→ **Task goal**:
Would you reproduce exactly the lines below from the one holding "Cristiana Réali Movies, Bio" through the one holding "The North Face Vest", inclusive, and no others?

Short web captions
-----

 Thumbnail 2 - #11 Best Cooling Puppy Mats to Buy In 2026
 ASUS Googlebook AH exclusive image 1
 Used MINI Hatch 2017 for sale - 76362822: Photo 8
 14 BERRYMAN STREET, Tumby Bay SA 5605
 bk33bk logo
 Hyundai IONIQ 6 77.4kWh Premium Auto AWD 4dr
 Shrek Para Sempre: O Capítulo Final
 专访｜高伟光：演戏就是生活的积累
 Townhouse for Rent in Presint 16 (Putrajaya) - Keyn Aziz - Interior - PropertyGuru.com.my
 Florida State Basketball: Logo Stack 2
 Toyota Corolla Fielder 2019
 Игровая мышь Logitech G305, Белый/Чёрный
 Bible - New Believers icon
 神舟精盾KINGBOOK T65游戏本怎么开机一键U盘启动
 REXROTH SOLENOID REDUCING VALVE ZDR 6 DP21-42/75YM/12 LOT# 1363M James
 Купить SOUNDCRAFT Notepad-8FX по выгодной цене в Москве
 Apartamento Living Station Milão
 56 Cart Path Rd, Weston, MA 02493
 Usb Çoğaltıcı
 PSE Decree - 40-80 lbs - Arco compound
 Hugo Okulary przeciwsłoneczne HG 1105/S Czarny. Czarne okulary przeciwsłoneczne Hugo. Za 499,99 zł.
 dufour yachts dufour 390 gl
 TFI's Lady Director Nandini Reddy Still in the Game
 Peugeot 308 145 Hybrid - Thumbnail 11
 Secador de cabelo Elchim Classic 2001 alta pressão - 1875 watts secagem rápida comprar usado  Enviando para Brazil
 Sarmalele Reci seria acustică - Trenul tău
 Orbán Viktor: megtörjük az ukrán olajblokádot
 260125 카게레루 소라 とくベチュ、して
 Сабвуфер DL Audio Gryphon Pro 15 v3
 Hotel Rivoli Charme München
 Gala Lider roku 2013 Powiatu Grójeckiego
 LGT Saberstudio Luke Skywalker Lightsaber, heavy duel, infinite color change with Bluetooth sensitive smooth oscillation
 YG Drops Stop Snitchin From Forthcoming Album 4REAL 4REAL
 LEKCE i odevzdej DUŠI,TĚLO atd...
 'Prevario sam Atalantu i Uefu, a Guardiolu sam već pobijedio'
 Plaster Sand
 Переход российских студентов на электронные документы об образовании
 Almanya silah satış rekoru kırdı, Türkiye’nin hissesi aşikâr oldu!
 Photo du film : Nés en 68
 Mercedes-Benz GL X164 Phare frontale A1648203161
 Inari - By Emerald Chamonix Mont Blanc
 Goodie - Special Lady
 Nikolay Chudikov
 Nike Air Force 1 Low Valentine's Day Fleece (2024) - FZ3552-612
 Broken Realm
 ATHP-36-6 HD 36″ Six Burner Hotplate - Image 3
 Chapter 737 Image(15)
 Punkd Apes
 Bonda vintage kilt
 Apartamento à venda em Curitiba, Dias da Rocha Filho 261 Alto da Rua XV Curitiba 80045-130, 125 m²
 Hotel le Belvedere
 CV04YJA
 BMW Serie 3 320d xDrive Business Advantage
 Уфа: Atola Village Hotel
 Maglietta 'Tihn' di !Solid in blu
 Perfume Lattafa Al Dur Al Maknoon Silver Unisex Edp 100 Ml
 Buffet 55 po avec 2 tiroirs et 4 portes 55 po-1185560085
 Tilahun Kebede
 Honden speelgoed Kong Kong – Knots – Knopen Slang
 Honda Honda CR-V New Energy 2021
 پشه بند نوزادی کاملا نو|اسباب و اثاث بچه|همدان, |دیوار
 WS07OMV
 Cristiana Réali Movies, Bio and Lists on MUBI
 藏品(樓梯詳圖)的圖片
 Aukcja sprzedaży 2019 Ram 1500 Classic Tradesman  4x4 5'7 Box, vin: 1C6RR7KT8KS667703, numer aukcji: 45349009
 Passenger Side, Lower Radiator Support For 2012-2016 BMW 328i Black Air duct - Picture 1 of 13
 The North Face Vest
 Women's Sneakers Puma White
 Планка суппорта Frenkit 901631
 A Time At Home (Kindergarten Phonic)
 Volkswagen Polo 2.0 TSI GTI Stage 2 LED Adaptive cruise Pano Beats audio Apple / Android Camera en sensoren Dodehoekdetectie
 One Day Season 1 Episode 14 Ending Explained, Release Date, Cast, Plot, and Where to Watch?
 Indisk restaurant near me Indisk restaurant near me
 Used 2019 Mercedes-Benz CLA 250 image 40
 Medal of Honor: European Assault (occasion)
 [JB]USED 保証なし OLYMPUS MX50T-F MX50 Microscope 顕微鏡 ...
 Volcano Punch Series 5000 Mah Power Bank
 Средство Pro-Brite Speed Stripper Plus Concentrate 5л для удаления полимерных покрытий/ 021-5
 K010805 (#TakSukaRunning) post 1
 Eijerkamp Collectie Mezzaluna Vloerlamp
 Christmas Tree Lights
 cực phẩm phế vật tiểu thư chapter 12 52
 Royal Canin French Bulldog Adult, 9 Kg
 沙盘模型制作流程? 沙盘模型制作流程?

-----

→ **Your response**:
 Cristiana Réali Movies, Bio and Lists on MUBI
 藏品(樓梯詳圖)的圖片
 Aukcja sprzedaży 2019 Ram 1500 Classic Tradesman  4x4 5'7 Box, vin: 1C6RR7KT8KS667703, numer aukcji: 45349009
 Passenger Side, Lower Radiator Support For 2012-2016 BMW 328i Black Air duct - Picture 1 of 13
 The North Face Vest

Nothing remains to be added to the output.